CSDM

class csdmpy.CSDM(filename='', version=None, description='', **kwargs)[source]

Bases: object

Create an instance of a CSDM class.

This class is based on the root CSDM object of the core scientific dataset (CSD) model. The class is a composition of the DependentVariable and Dimension instances, where an instance of the DependentVariable class describes a \(p\)-component dependent variable, and an instance of the Dimension class describes a dimension of a \(d\)-dimensional space. Additional attributes of this class are listed below.

Attributes Summary

version

Version number of the CSD model on file.

description

Description of the dataset.

read_only

If True, the data-file is serialized as read only, otherwise, False.

tags

List of tags attached to the dataset.

timestamp

Timestamp from when the file was last serialized.

geographic_coordinate

Geographic coordinate, if present, from where the file was last serialized.

dimensions

Tuple of the Dimension instances.

dependent_variables

Tuple of the DependentVariable instances.

application

Application metadata dictionary of the CSDM object.

data_structure

Json serialized string describing the CSDM class instance.

filename

Local file address of the current file.

Methods summary

add_dimension

Add a new Dimension instance to the CSDM object.

add_dependent_variable

Add a new DependentVariable instance to the CSDM instance.

dict

Serialize the CSDM instance as a python dictionary.

to_dict

Alias to the dict() method of the class.

dumps

Serialize the CSDM instance as a JSON data-exchange string.

astype

Return a copy of the CSDM object by converting the numeric type of each dependent variables components to the given value.

save

Serialize the CSDM instance as a JSON data-exchange file.

copy

Create a copy of the current CSDM instance.

split

Split the dependent-variables into view of individual csdm objects.

Numpy compatible attributes summary

real

Return a csdm object with only the real part of the dependent variable components.

imag

Return a csdm object with only the imaginary part of the dependent variable components.

shape

Return the count along each dimension of the csdm objects as a tuple.

T

Return a csdm object with a transpose of the dataset.
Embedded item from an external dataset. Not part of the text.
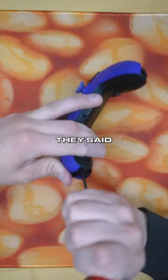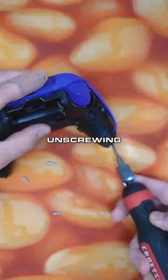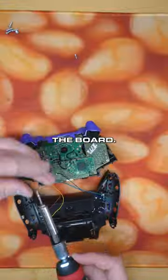This customer sent in their controller because they said their trigger was malfunctioning. We're going to go ahead and replace both of them today. We're going to be unscrewing the back shell, get the front shell off of there, take both the triggers off, unsolder them from the board.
Numpy compatible method summary

max

Return a csdm object with the maximum dependent variable component along a given axis.

min

Return a csdm object with the minimum dependent variable component along a given axis.

clip

Clip the dependent variable components between the min and max values.

conj

Return a csdm object with the complex conjugate of all dependent variable components.

round

Return a csdm object by rounding the dependent variable components to the given decimals.

sum

Return a csdm object with the sum of the dependent variable components over a given dimension=axis.

mean

Return a csdm object with the mean of the dependent variable components over a given dimension=axis.

var

Return a csdm object with the variance of the dependent variable components over a given dimension=axis.

std

Return a csdm object with the standard deviation of the dependent variable components over a given dimension=axis.

prod

Return a csdm object with the product of the dependent variable components over a given dimension=axis.

Attributes documentation

version

Version number of the CSD model on file.

description

Description of the dataset. The default value is an empty string.

Example

>>> print(data.description)
A simulated sine curve.
Returns

A string of UTF-8 allows characters describing the dataset.

Raises

TypeError – When the assigned value is not a string.

read_only

If True, the data-file is serialized as read only, otherwise, False.

By default, the CSDM object loads a copy of the .csdf(e) file, irrespective of the value of the read_only attribute. The value of this attribute may be toggled at any time after the file import. When serializing the .csdf(e) file, if the value of the read_only attribute is found True, the file will be serialized as read only.

tags

List of tags attached to the dataset.

timestamp

Timestamp from when the file was last serialized. This attribute is real only.

The timestamp stamp is a string representation of the Coordinated Universal Time (UTC) formatted according to the iso-8601 standard.

Raises

AttributeError – When the attribute is modified.

geographic_coordinate

Geographic coordinate, if present, from where the file was last serialized. This attribute is read-only.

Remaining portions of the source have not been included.